Episodes of warm‐air advection causing cloud‐surface decoupling during MARCUS
Submitter
Zheng, Youtong — University of Houston
Area of research
Cloud Processes
Journal Reference
Science
Ship observations show that marine clouds can be highly detached from the underlying sea surface fluxes if the clouds move from warm to cold water.
Impact
The conventional idea suggests that marine stratiform clouds can become decoupled from the surface forcing if they are advected from cold to warm water, a mechanism called "deepening-warming" decoupling. This study shows that if clouds are advected from warm to cold water (an opposite situation), the cloud-surface decoupling can be much stronger.
Summary
It has been known for decades that advection of a cloud-topped marine boundary layer (CTBL) over warmer sea surface causes the stratification (or decoupling) of the CTBL via the entrainment feedbacks, a mechanism commonly known as “deepening-warming” decoupling that is typical in subtropics.

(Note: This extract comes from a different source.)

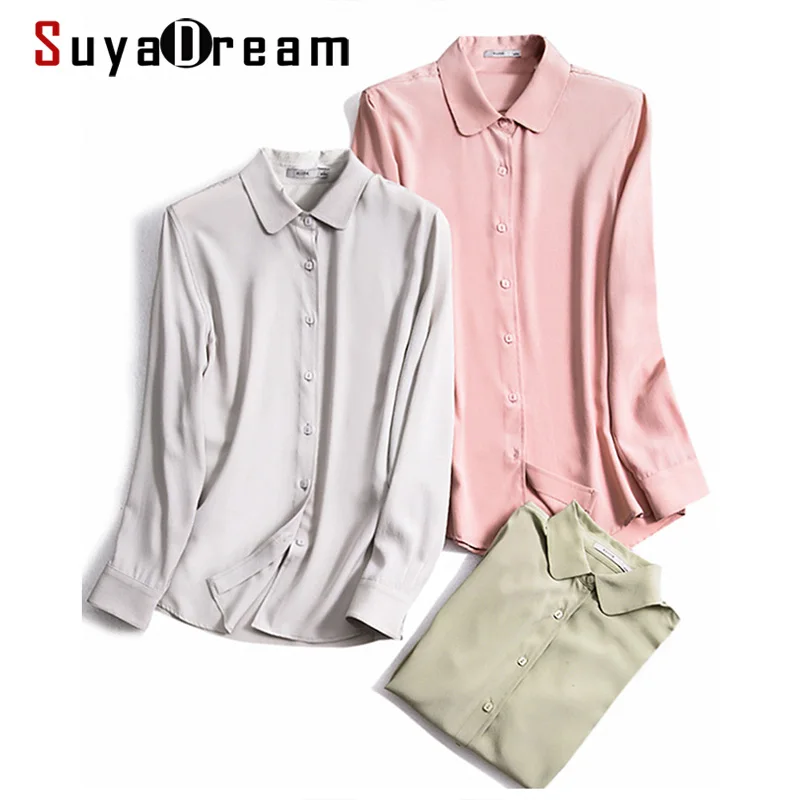 SuyaDream Solid Silk Blouse Women 23mm Silk Crepe Turn Down Collar Blouse Shirt 2020 Autumn Fall Office chic Shirts
SuyaDream Solid Silk Blouse Women 23mm Silk Crepe Turn Down Collar Blouse Shirt 2020 Autumn Fall Office chic Shirts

This study focuses on the opposite direction of advection, i.e., low-level warm air advection (LLWAA), and its impacts on the decoupling degree of a CTBL. Our hypothesis is that LLWAA stabilizes a CTBL, causing a decoupling of the CTBL. It is tested for three LLWAA episodes observed during the MARCUS field campaign. By synthesizing the shipborne measurements, satellite imagery, and reanalysis data, four common characteristics of CTBLs under the LLWAA are found: (1) CTBLs are highly stratified to the extent that penetrations of cumulus into main temperature inversions, which are common for subtropical decoupled CTBLs, do not exist; (2) sea surface temperature is 1 ~ 2 K lower than the near-surface air temperature; (3) clouds manifest stratiform with lifetime as long as several tens of hours; and (4) they locate in warm sectors of middle-latitude cyclones. Lapse rates of the decoupled CTBLs are markedly lower than those commonly used for passive satellite estimation of cloud top heights.